The most poignant scene in that movie is the doctor jumping off a Chinese convoy truck to give a shot of morphine to a dying Chinese soldier. A superior jumps off after her, slapping at her for wasting morphine on a soldier already dead. He drags the soldiers body up off the ground and then drops him and yells "He's already dead. You wasted morphine." The doctor gets back on the truck and it takes off. She looks back. The "already dead" soldier raises up slightly to look into her eyes.

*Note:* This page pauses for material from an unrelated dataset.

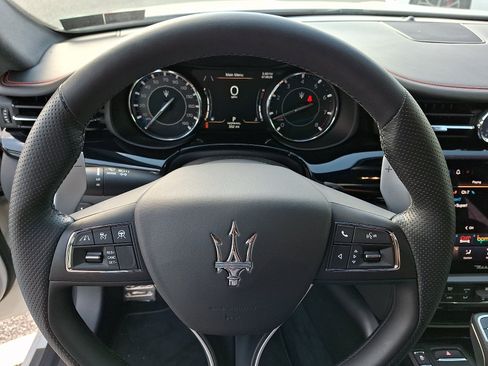 Used 2024 Maserati Quattroporte Modena Ultima Q4 AWD/4WD image 21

With the Japanese advancing, the young man, now a teacher of the orphans, who are now clean and free of lice, has only one true ally, besides the doctor. That is a Chinese woman who sells drugs including opiates and also sells herself for sex. The Chinese army sees the boys in the orphanage as soldiers, bodies to be wasted on war. They also intend to take over the orphanage to use as a headquarters. Their teacher wants to save the boys. He concocts a plan to take them 500 miles through the mountains to the edge of the Gobi desert, where no one will bother them, where they will be safe from the war, to start over.

He gives a fond farewell to the red lady, bowing and kissing her hand. She is astounded at such treatment and to be called a lady. She turns, and goes back into her brothel where an officer waits for "servicing". Her head is held high.

When the teacher discovers the doctor is an addict, the warrior, who saved him in Nanjing and who is trekking part way with the group, tells him she is a great woman, who has absorbed deep pain. He goes to her then, and when she expects his condemnation, as she has run out of morphine and is in withdrawals, instead, he tells her she is the most beautiful and brave woman he has ever met. She is restored by these words.

He dies in the end. He dies of tetanus. The children and the doctor bury him with great love. He is remembered to this day for his acts of courage.

These are all inspiring movies. They touch at the heart of what every person needs but rarely gives or gets.